Friday, November 21, 2014

A little knowledge is a dangerous thing

I have noticed that having just a little knowledge about something can lead to problems. Anyone at the beginning stages of learning a language has probably faced a situation where you say something well enough to a native speaker who then thinks you actually speak the language as they begin rattling off sentences that you have no hope of understanding. Or you begin working on a simple leaky faucet that becomes a major overhaul of your pipes and only a plumber can put it right. This is also called “getting in over your head” and it is exactly where some public school administrators are at when it comes to standardized testing, except that in this case the problems are not individualized but passed onto students, their families and ultimately our society as a whole.


The appeal of standardized testing is easy to understand. It promises to be an objective measure of a student’s knowledge or cognitive ability in an easily digestible and usable form. This “objective measure” has all of the trappings of science which lends it an illusory sense of  credibility. Tradition and economic realities have solidified the status of standardized testing and there is an assumption that the tests do what the creators of the tests say they do. These are powerful rationales which seem to make sense but they represent only a partial knowledge of something which is in fact even larger and very difficult to understand in its fullness. Unfortunately, the appeal is built on a false premise and therefore draws  incorrect conclusions.


The truth about the appeal of standardized testing is that it is an easy way out. Reducing students to scores makes it easier to manage their educations and relieves teachers of the very difficult task of assessing them using more in depth and meaningful methods. Although our society is currently caught up in a love affair with “big data”, there are limits to its accuracy and usefulness, and it can lead to lazy thinking which in turn leads to false conclusions. This lazy thinking is what bothers me most because administrators use data that is descriptive as if it were prescriptive, treating the end result as a symptom that can be isolated and fixed with specific interventions.
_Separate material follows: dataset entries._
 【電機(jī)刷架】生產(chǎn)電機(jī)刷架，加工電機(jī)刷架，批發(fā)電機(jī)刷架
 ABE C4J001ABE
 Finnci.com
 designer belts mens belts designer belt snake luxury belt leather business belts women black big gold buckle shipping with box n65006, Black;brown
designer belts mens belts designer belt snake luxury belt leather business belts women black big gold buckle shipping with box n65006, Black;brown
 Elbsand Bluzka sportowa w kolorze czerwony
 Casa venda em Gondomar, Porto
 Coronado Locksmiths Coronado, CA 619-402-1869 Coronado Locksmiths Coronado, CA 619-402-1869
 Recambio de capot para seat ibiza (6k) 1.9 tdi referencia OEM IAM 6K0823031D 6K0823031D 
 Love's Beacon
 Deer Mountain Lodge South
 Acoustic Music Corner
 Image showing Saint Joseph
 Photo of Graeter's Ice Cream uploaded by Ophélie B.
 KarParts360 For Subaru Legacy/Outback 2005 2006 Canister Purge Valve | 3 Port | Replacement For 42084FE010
That approach is “finger in the dike” patch work and lulls its users into a sense that they are accomplishing something because they can point to the numbers with reverence. But, as Stephen Jay Gould so thoroughly demonstrates in The Mismeasure of Man, this type of testing is inherently biased and is, in fact, based on 19th century racist theories about the inferiority of Black Africans and Native Americans.


This sorting of human intelligence has been used in the past as a justification for social policies such as slavery and the displacement of native populations and military capability. It is now being used to maintain or channel people into classes. An incomplete understanding of the background of the tests yields an incomplete understanding of what the tests do. The marketers of these tests highlight the ability of the tests to measure some cognitive functions such as recall or reading comprehension without mentioning that the tests are even better at measuring economic status. Another omission is that these tests can not measure intelligence and do not have the ability to predict individual success. But hey, it’s marketing.
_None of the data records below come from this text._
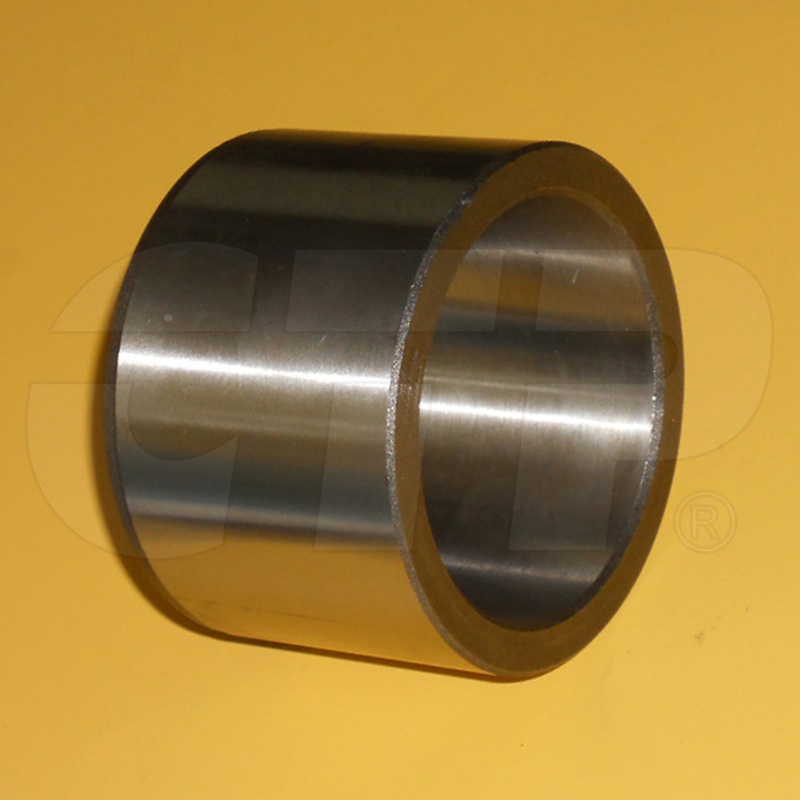 2099887 Bushing Fits Caterpillar Models
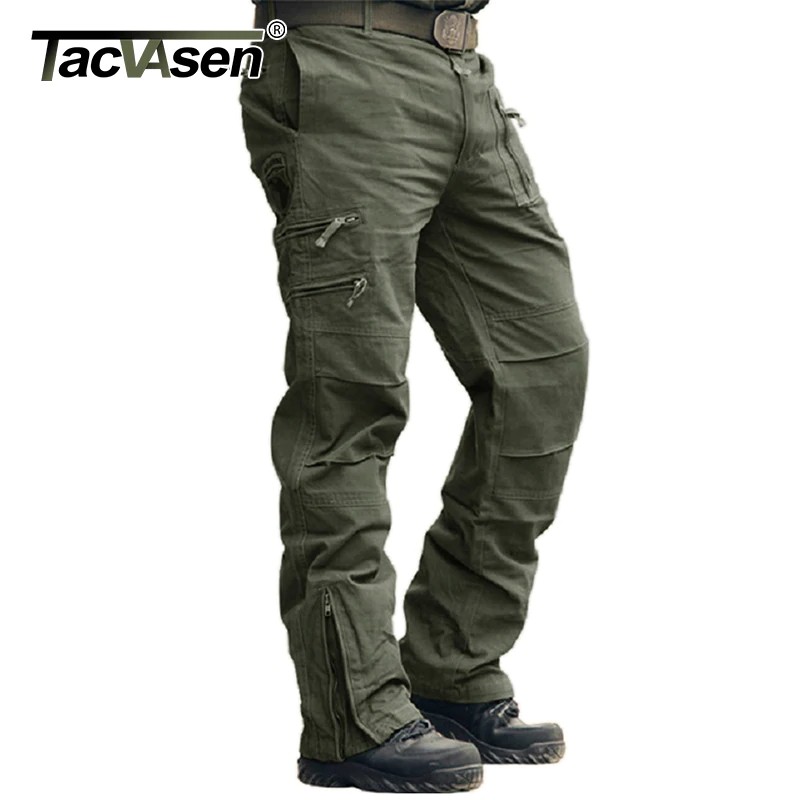 us army cargo pants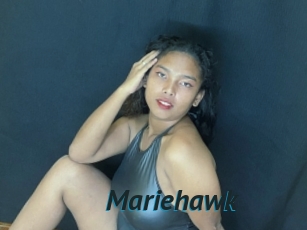 Mariehawk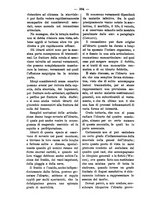 giornale/TO00179173/1898/unico/00000336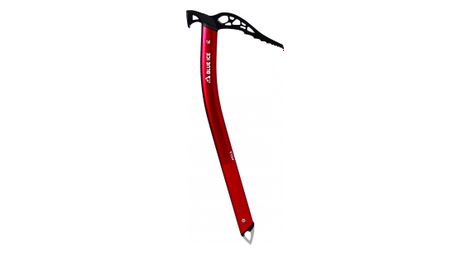 blue ice akila hammer pickel rot blue ice akila hammer pickel rot von Blue Ice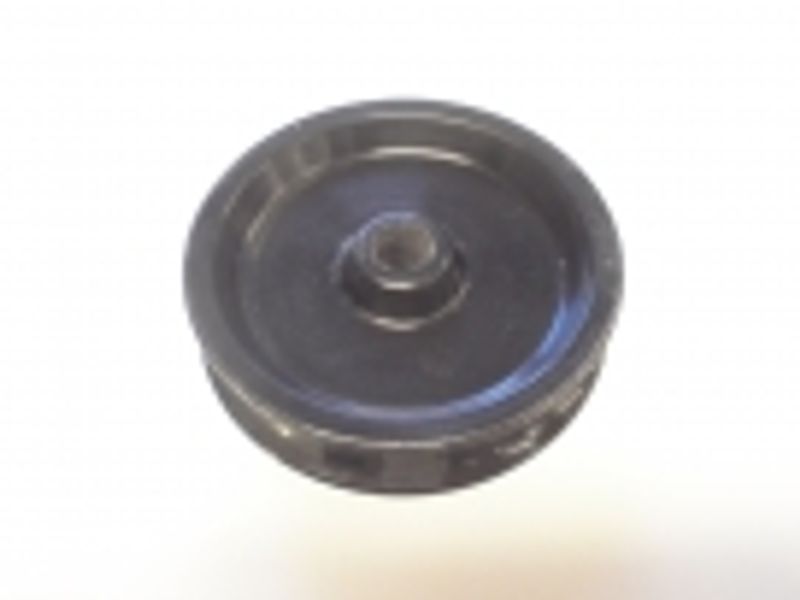 Blokkskiver nylon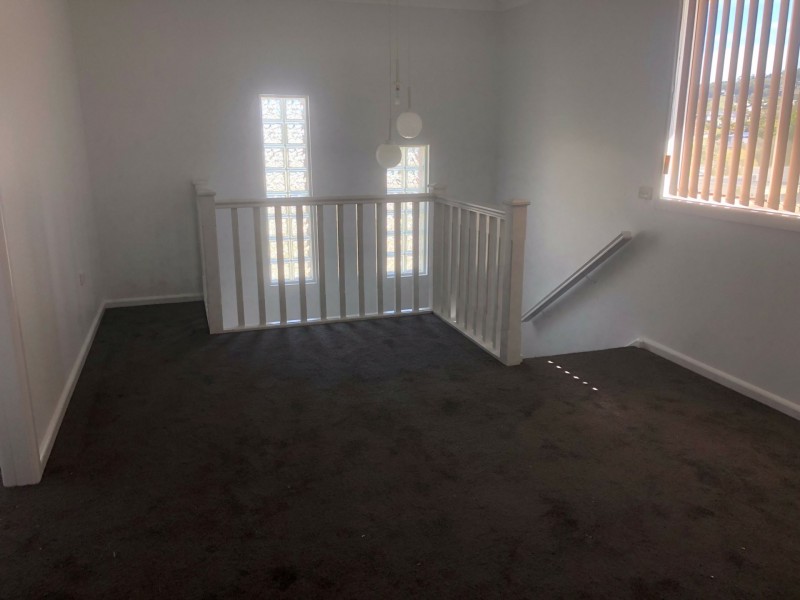 2/1a Nelson Street, Nelson Bay NSW 2315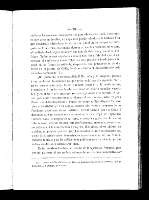 381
We’ve been sold a shoddy bill of goods. But quality control has been hindered by those with too little knowledge and too much authority. Ignoring the political economics of standardized testing whether through denial or ignorance limits our ability in the education community to appreciate quality education when we see it. It limits our ability to recognize where we have gone wrong. It’s time to stop accepting mediocrity with a smile. I think it is time to “return to sender” and stuff these tests where they belong.